6/3/2011 11:56 AM EDT

SAN DIEGO – Qualcomm will release over the next nine months what amounts to a set of applications programming interfaces geared to give Web-based applications deeper links into hardware. The plan is part of the company's effort to enable a shift away from today's fragmented set of native mobile environments.

Specifically, Qualcomm plans to create the equivalent of APIs for geo-location, sensors, cameras, audio, augmented reality and its AllJoyn peer-to-peer networking technology. The APIs will be implemented as bindings for Javascript, the programming language Web app developers commonly use to execute business logic.

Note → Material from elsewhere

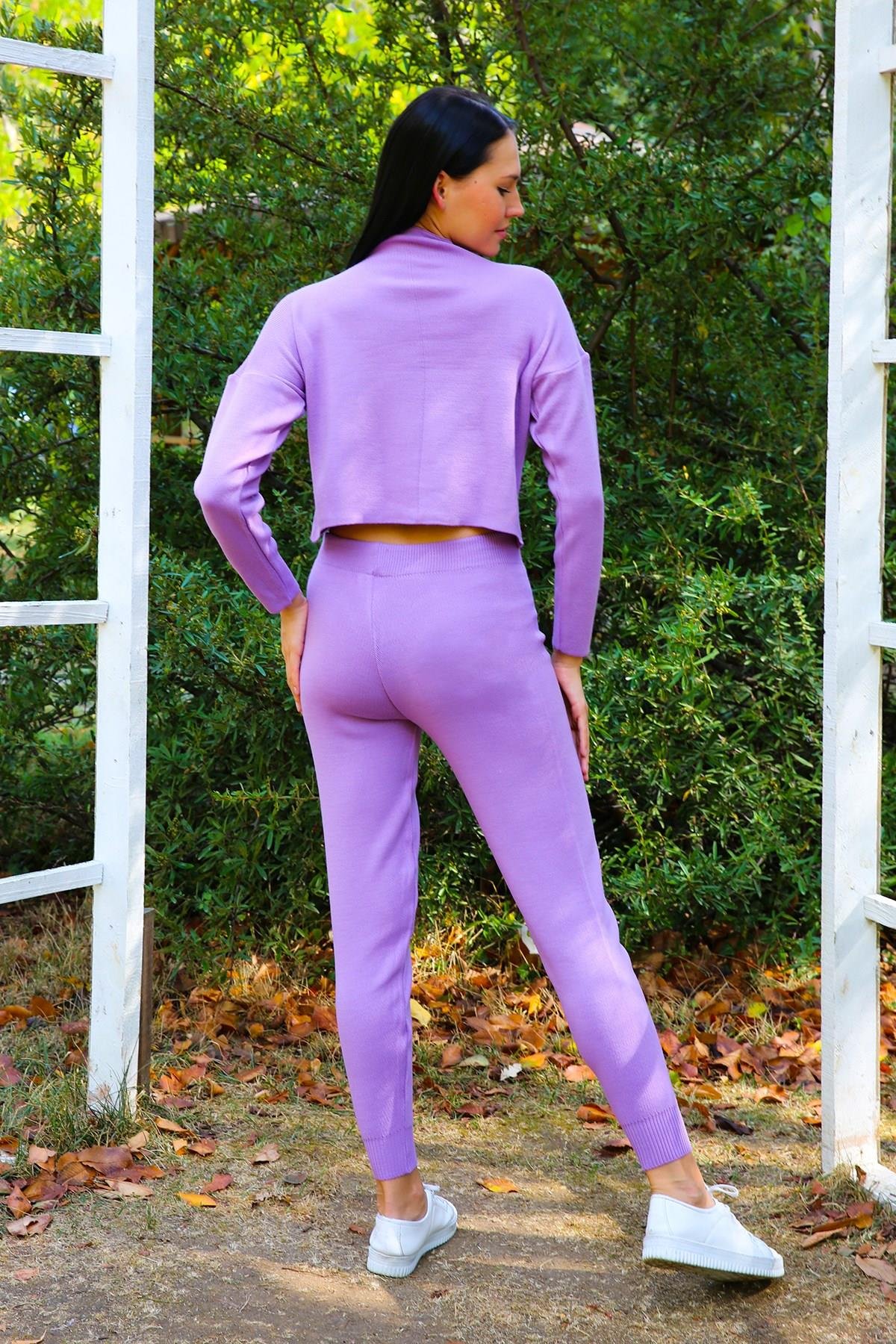 Dipmoda Kadın Yeni Sezon İkili Triko Takım DPNB7056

"We will in a variety of subject areas expose these device APIs right into the browser," said Sy Choudhury, a director of product management at Qualcomm in an interview at the Uplinq conference here.

The work is currently targeting the Android, Chrome and WebOS browsers. About 70 percent of the code in those browsers is similar and based on standards such as Webkit, the Linux networking stack and the V8 Java virtual machine, he said.

Qualcomm currently supports Android, Blackberry, Windows Phone and WebOS mobile OSes among others. A move to Web-based applications would help it reduce the variety of platforms for which it needs to write software supporting its chips.

A shift to Web apps also potentially draws in a broader set of developers, such as Linux server developers, said Choudhury.

Google also promotes the idea of Web apps with its Chrome and Chrome OS initiatives. However, the search giant did not discuss at its recent Google I/O dev con any initiatives to use APIs or language bindings to help Web apps improve access to native hardware.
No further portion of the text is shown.